It is not my intention to cut parliamentary scrutiny and involvement out of the process of constructing a social security service and delivery agency for Scotland. At the outset, I acknowledged that there is no perfect balance that can be struck, and there might be areas where we need to reconsider what should be included in primary as opposed to secondary legislation. However, I ask members to hold in their heads the fact that it is not simply the important role of the Parliament that we must consider; we must also take account of the delivery experience of people in Scotland, who will look to the social security system for the support that they are entitled to.
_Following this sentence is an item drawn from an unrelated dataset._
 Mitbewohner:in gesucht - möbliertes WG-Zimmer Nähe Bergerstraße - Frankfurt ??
I am reluctant to set out eligibility criteria in the bill because I believe that that might create difficulties for people. If I were to set out in the bill a list of things that an individual had to produce to demonstrate that they were eligible for a particular form of assistance, it might mean that if an individual could not produce every one of those, the agency could not exercise discretion in order to deliver the benefit. Such matters need to be borne in mind as we seek to get what we consider to be the right balance between primary and secondary legislation.
I am mindful of Ms McNeill’s question about where the process for redetermination and appeals will be set out. In that area, as in others, I am open-minded about where we might make improvements to the bill. In my opening statement, I gave a couple of examples of how we have already demonstrated our open-mindedness with regard to stage 2 amendments.
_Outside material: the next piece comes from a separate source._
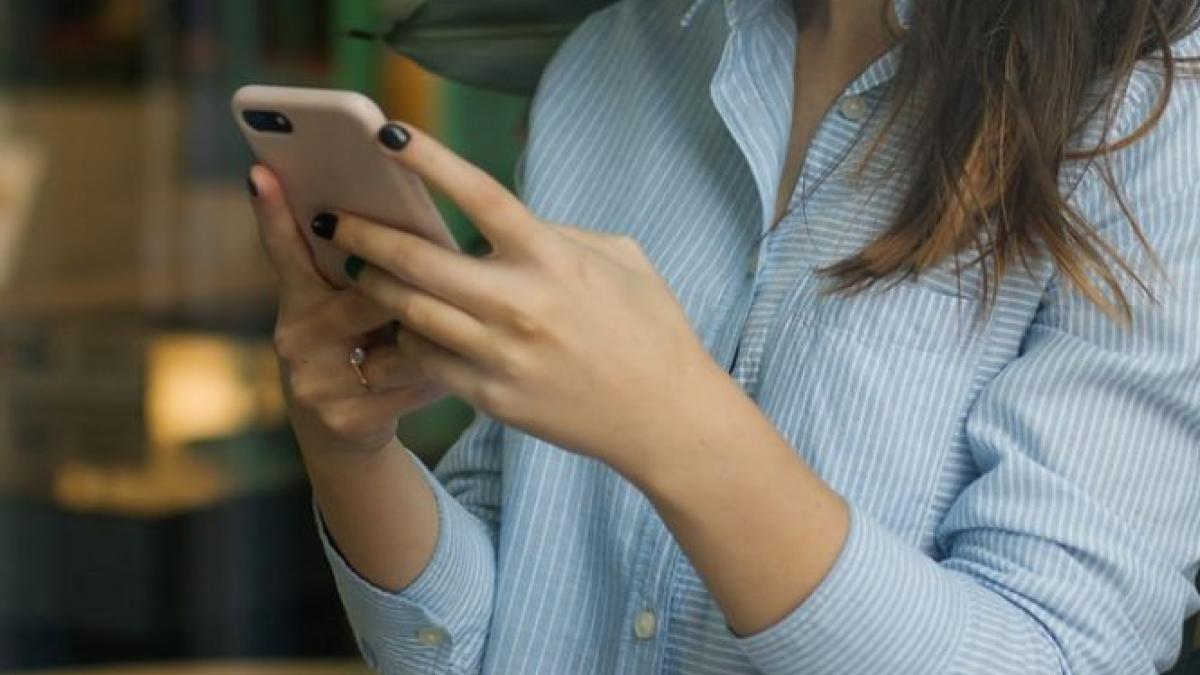 cauta o retea wi fi in camera deputatilor ce a gasit e incredibil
Therefore, I am not saying, “This is what’ll be in primary legislation, that’s what’ll be in secondary legislation and I’m no willing to move.” I am simply asking members to consider—as I have to—the practical implications of putting some aspects into primary legislation when witnesses to the committee have suggested that, in practice, doing so would undercut the approach that we are attempting to take in delivering social security in Scotland.
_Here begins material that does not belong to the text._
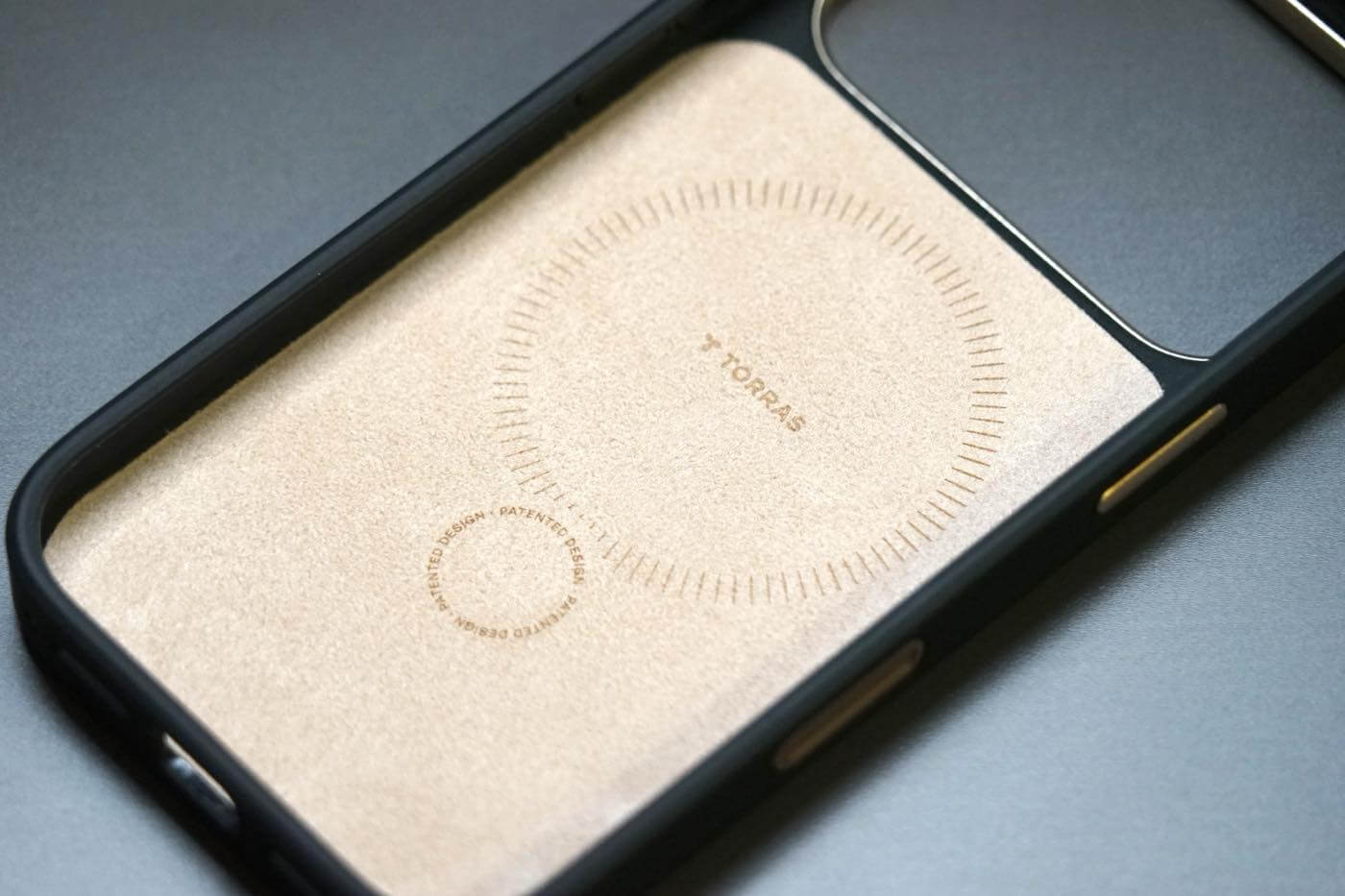 【レビュー】次世代エコレザーを採用した360度回転スタンド搭載ケース｢TORRAS Ostand Q3 レザートーン｣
That is helpful. Thank you. You mentioned in your opening statement—or perhaps it was in response to the convener’s first question—that you recognise the need for an independent advisory body, perhaps along the lines of the SSAC but with more powers. You also said that you were attracted by the idea of there being a requirement on ministers to consult that body. Do you intend for the independent advisory body to be a statutory body and created by the bill? Should the requirement on ministers to consult it be a legal requirement also under the bill? If so, are you minded to lodge amendments along those lines at stage 2?
My view is that we should have an independent scrutiny body. I am not settled on whether its role should be solely scrutiny or whether it may have additional areas in its remit. I look to the committee—I have raised it before here—and the expert group to express their views. There should be a duty on ministers to consult that independent body before they introduce draft regulations or changes to primary legislation relating to social security. I am open to the proposition that the body should have a statutory footing.
The power to create new benefits is an important part of the Smith commission package and the Scotland Act 2016. Some social security powers are devolved in full, we have the top-up power and we have the power to create new benefits. There are provisions in the bill that deal with the streams of social security that are devolved in full and provisions in it that deal with the top-up power—section 45 in particular—but there is no provision in the bill that enables the Scottish ministers to create new benefits. I have asked you about that in the chamber and you have said that that is because you already have the power and do not need such a provision. Will you walk me through that? I still struggle to understand why you need a bespoke power to top up benefits in section 45 but you do not need a companion bespoke power in the bill to create new benefits.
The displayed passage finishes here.